Lombok Tengah (ANTARA News) - Para perajin tenun songket di Kabupaten Lombok Tengah, Nusa Tenggara Barat bersiap merambah bisnis fesyen setelah mendapat bimbingan dari Badan Ekonomi Kreatif (Bekraf).
"Pelatihan kami berikan guna menjawab perkembangan pasar serta memberi nilai tambah atas produk yang dibuat perajin," kata Deputi Infrastruktur Bekraf Hari Sungkari pada acara penutupan "workshop" untuk para perajin tenun songket di Lombok Tengah, Kamis.
Kegiatan tersebut diikuti oleh 50 perajin tenun songket yang berasal dari Dusun Matek Maling, Desa Ganti, Dusun Wadek, dan Desa Ternak Rarang.
Para perajin tenun songket mengikuti pembinaan dan pendampingan yang dilakukan oleh Bekraf selama tiga bulan, yakni mulai September hingga November 2016. Bimbingan tersebut dilakukan dalam rangka pembentukan Ekosistem Desa Kreatif.
Sungkari mengatakan banyak wisatawan yang belakangan ini memilih wilayah Lombok Tengah sebagai tujuan wisata sehingga pasar untuk produk-produk kreatif dari perajin lokal sangat terbuka lebar termasuk tenun songket.

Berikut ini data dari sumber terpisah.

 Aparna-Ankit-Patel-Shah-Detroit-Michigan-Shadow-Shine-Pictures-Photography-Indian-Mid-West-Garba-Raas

"Sebagai sentra tenun songket, Lombok Tengah harus mampu menangkap peluang yang ada. Tak hanya kain tenun, para perajin harus bisa membuat baju. Jika para perajin bisa mendesain dan memproduksi baju dari kain tenun, prospek bisnis kain tenun akan semakin meningkat," ujarnya.

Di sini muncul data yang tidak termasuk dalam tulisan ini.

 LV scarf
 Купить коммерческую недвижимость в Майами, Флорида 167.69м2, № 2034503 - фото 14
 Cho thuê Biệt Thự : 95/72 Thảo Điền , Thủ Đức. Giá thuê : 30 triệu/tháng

Selama proses pembinaan, kata Sungkari, pihaknya memberikan materi meliputi pembuatan motif baru, pewarnaan alami, hingga membuat desain baju dengan bahan kain tenun.
Selama ini, para perajin tersebut hanya bisa membuat motif-motif klasik pada kain tenunnya dan tidak ada keberanian untuk melakukan inovasi.
"Selain itu, tenun songket yang dibuat para perajin hanya berakhir sebagai lembaran kain sarung dan tidak dikembangkan menjadi produk yang memiliki nilai tambah, seperti baju dan sebagainya," ucapnya.
Wahyuni, salah seorang perajin mengaku senang dengan bimbingan yang diberikan Bekraf selama tiga bulan.
Selain mendapatkan pemahaman membuat motif dan desain, pelatihan tersebut juga bisa menjadi momen menggali khasanah lokal yang selama ini terpinggirkan, yakni pewarnaan alam untuk kain tenun.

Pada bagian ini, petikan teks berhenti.